■ Exercise
Your answer must be the full listing, reproduced exactly, minus any pictures.
-.-.-
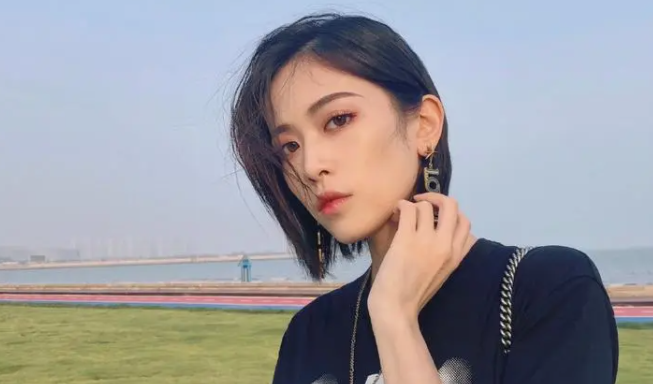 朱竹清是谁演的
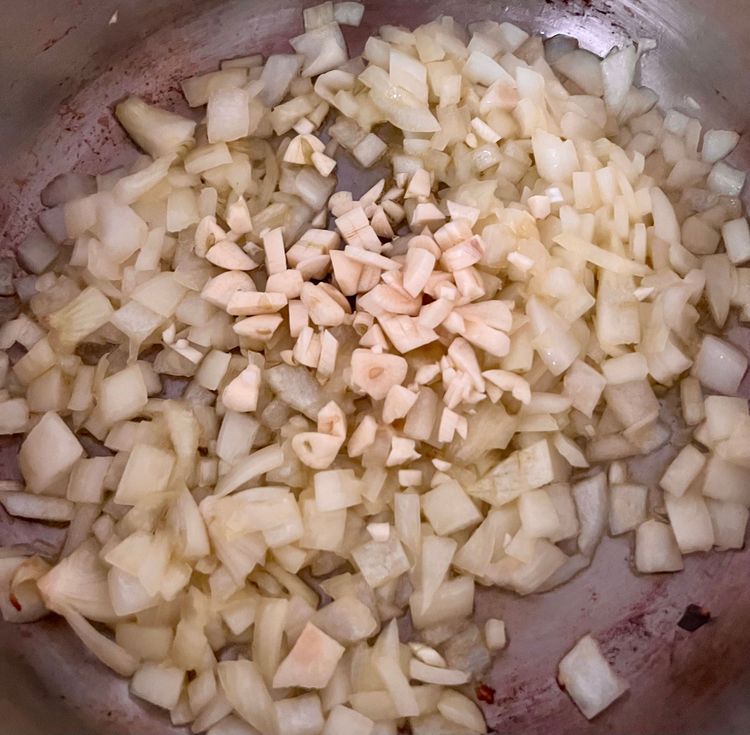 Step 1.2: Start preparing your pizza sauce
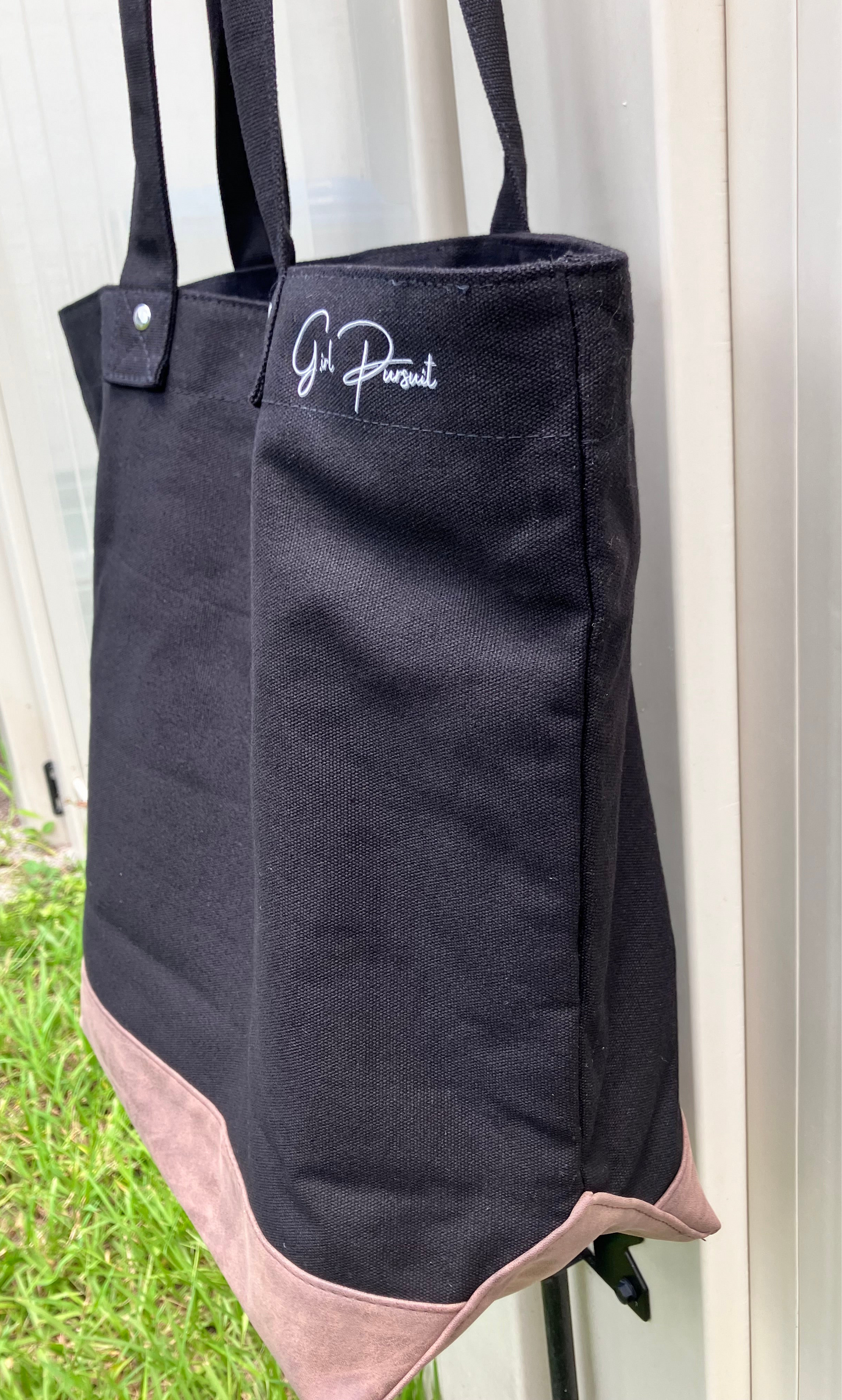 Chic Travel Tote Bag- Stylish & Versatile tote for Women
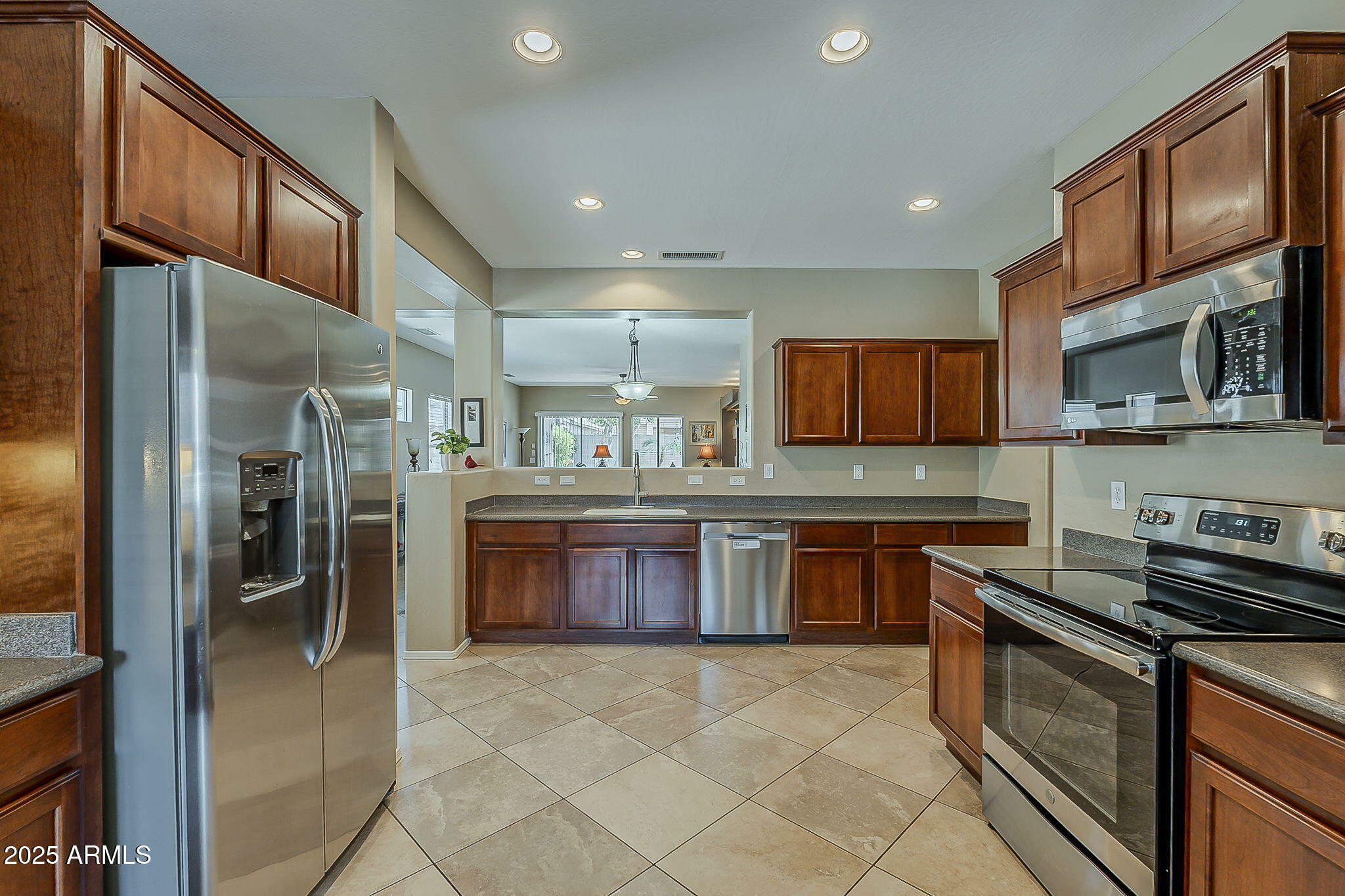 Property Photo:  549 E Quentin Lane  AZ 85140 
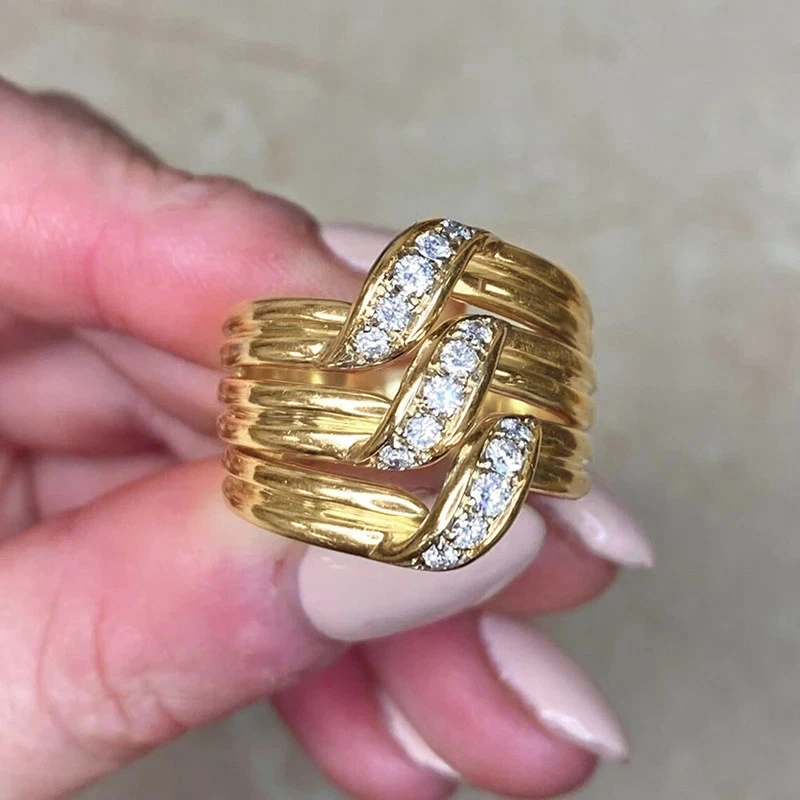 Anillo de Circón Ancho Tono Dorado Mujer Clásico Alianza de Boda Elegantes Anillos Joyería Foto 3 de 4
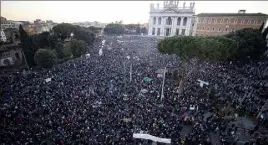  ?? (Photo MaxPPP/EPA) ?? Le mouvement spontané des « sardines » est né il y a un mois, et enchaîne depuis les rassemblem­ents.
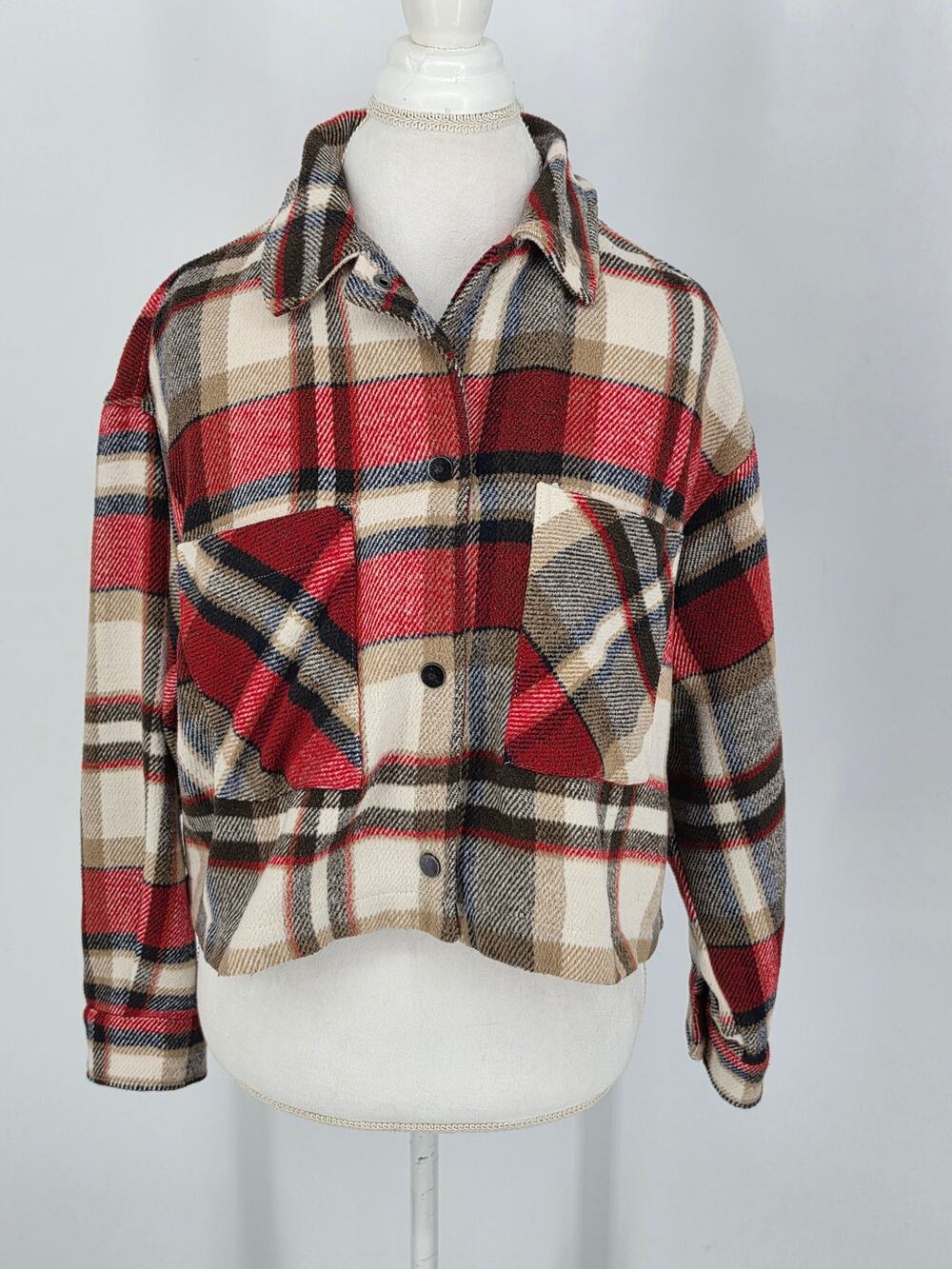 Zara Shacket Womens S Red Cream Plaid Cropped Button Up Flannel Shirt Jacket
-.-.-
■ Result
 朱竹清是谁演的
 Step 1.2: Start preparing your pizza sauce
 Chic Travel Tote Bag- Stylish & Versatile tote for Women
 Property Photo:  549 E Quentin Lane  AZ 85140 
 Anillo de Circón Ancho Tono Dorado Mujer Clásico Alianza de Boda Elegantes Anillos Joyería Foto 3 de 4
  ?? (Photo MaxPPP/EPA) ?? Le mouvement spontané des « sardines » est né il y a un mois, et enchaîne depuis les rassemblem­ents.
 Zara Shacket Womens S Red Cream Plaid Cropped Button Up Flannel Shirt Jacket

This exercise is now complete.